> [DATA BELOW]
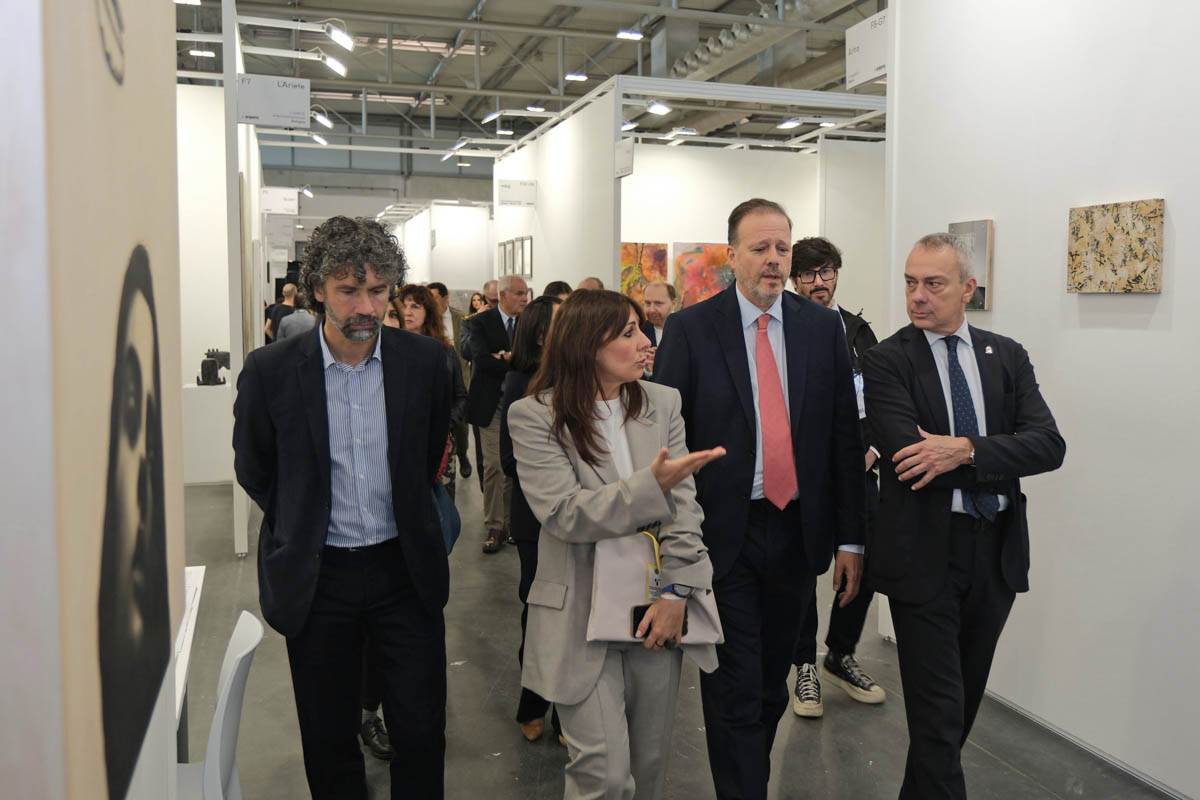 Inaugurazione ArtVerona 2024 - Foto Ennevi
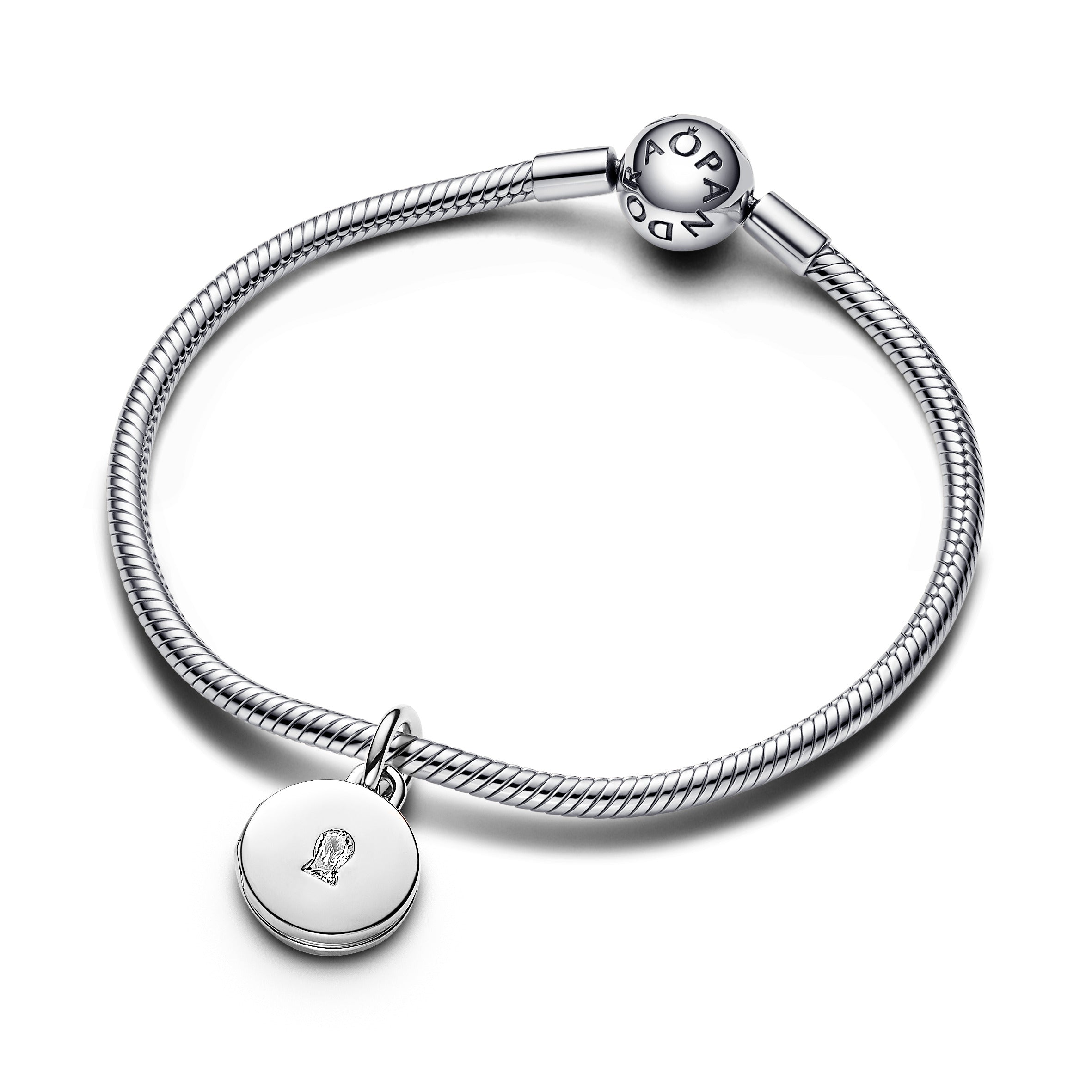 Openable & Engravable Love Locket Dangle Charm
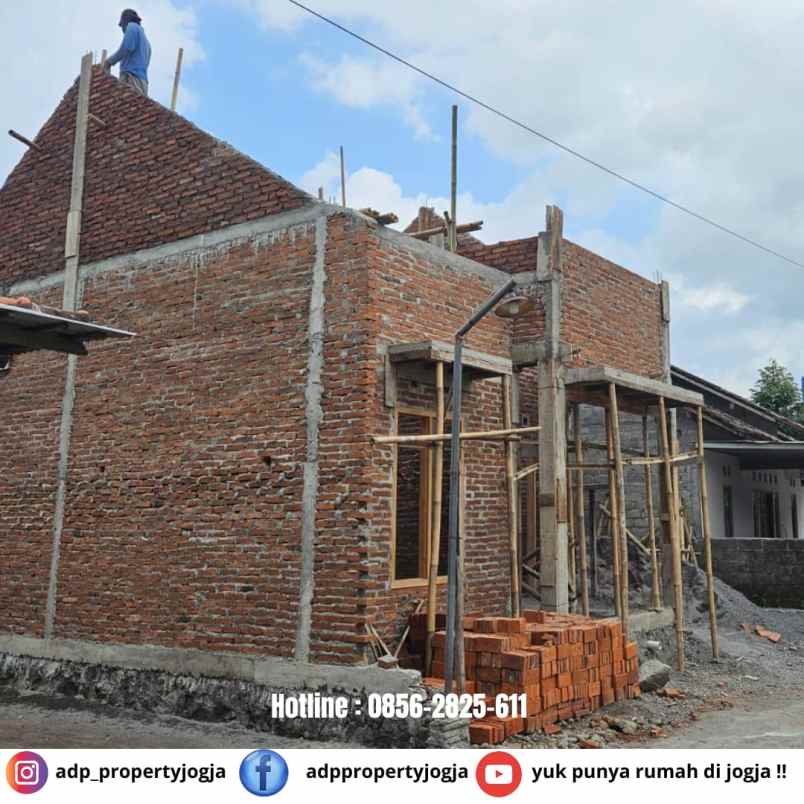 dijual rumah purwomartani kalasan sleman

> [WORK INSTRUCTION] Write out the material above again, word for word, minus its pictures.

> [EXERCISE SOLUTION]
 Inaugurazione ArtVerona 2024 - Foto Ennevi
 Openable & Engravable Love Locket Dangle Charm
 dijual rumah purwomartani kalasan sleman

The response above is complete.